(Beginning of Records)

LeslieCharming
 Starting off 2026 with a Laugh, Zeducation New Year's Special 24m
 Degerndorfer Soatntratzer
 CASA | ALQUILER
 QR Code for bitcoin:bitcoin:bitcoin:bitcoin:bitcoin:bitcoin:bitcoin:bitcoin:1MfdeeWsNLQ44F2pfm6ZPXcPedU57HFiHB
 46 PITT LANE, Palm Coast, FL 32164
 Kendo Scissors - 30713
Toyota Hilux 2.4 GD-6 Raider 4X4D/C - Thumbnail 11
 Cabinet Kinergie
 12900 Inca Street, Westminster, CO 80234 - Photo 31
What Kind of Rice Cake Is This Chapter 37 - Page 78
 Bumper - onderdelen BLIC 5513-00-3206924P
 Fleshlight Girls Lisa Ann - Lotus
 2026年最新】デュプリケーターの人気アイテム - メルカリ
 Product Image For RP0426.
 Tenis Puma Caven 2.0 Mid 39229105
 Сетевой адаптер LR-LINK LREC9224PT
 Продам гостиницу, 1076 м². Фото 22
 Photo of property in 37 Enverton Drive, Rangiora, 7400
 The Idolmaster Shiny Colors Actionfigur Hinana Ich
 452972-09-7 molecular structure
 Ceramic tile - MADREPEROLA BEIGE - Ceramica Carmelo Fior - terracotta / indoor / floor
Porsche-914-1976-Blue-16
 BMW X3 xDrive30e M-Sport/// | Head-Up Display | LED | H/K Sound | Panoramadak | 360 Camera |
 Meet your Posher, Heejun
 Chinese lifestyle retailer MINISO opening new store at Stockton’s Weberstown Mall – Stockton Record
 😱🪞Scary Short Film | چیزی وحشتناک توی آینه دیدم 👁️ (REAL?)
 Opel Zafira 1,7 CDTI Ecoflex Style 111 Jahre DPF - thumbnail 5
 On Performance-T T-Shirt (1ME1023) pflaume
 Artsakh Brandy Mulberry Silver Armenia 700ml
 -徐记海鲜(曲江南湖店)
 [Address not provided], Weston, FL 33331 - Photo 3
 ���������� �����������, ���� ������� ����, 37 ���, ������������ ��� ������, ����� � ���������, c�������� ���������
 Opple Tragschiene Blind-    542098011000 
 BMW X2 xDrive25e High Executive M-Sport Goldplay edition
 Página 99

(End of Records)

#### Task goal
When you reach the line with "Kendo Scissors - 30713" in the records above, start writing out lines exactly, and stop once the line with "Product Image For RP0426." has been written; include nothing else.

#### Solved exercise
 Kendo Scissors - 30713
Toyota Hilux 2.4 GD-6 Raider 4X4D/C - Thumbnail 11
 Cabinet Kinergie
 12900 Inca Street, Westminster, CO 80234 - Photo 31
What Kind of Rice Cake Is This Chapter 37 - Page 78
 Bumper - onderdelen BLIC 5513-00-3206924P
 Fleshlight Girls Lisa Ann - Lotus
 2026年最新】デュプリケーターの人気アイテム - メルカリ
 Product Image For RP0426.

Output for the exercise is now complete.